══ Raw data

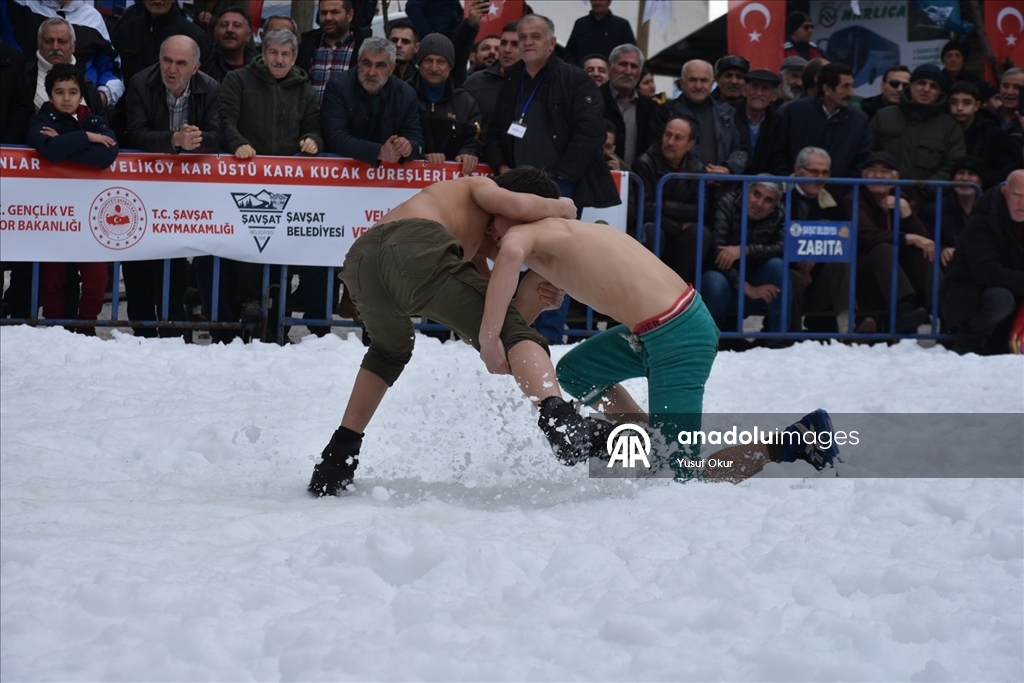 Artvin'de 29. Kar Üstü Karakucak Güreşleri yapıldı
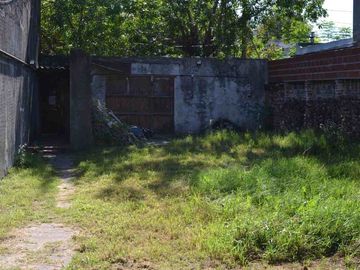 Venta casa lote propio de 520m2 a reciclar Sarandí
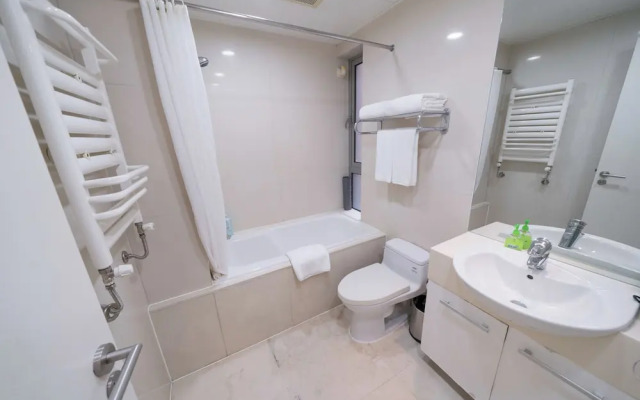 Tyms 3BR 2BA Apartment in Xujiahui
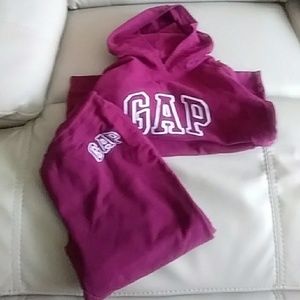 GAP sweatsuit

════

#### [The problem]
In your reply, please print exactly the lines from the one with "Venta casa lote" through the final line of the listing above, both included, and no pictures.

#### [Answer to this task]
 Venta casa lote propio de 520m2 a reciclar Sarandí
 Tyms 3BR 2BA Apartment in Xujiahui
 GAP sweatsuit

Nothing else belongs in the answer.